Family · healing-over-pain · Hope

We are all together

(This is the speech I’m giving tonight at our first annual Gala. It’s the next best thing to being there.)

It’s best to begin with the children–our burn survivors. I hope you have had some time to see and engage our burn children.

They are our galaxy of bright stars.

Have you heard their stories? Many of our burn-kids had never told their story before, to anyone. Some of the stories seemed impossible to be built into words. But we knew the words were there and by listening attentively in a safe harbor of non-judgmental love, the stories began to surface at an event that we call “Catching Courage.”

Their courage was tangible though it’s hard to speak when your spirit has been broken.  statue grieving parents

Our family has a story and it was very hard to tell even to ourselves at home. 

Here’s our story.

It was a typical family Sat. afternoon going from a swimming meet to a soccer match.
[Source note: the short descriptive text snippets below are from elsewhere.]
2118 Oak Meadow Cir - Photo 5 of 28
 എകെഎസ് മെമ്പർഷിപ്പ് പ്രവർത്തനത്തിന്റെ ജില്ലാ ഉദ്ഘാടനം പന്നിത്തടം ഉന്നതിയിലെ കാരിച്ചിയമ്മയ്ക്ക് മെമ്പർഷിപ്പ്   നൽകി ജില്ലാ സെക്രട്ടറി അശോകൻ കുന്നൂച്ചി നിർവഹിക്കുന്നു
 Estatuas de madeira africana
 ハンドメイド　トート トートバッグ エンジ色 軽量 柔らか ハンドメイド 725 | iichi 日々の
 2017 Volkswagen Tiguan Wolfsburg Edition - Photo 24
We were on the expressway when our tire detreaded and the car started flipping 3/4 times.

There were 4 of us in the car–Ryan (7), Tyler (2), Ron and me.

The car burst into flames. Ryan and I caught fire first. And then it spread thru the car.

We were all burning. Ron was able to reach Tyler and pull him out of the fire. But Ryan was stuck in his seat belt and there was no way to pull him free before the fire took him.

Ron, Tyler and I were flown 600 miles away and a quarter of our bodies were burned.

Even though we know we’ll never get over this, we’re still here and our family is getting stronger at the broken places.

15 years after Ryan died, we saw it was the right time to build our foundation–Ryan Shines–in honor of our son.

Ryan
Ryan

One purpose of our foundation is to ensure that no burn child is left behind.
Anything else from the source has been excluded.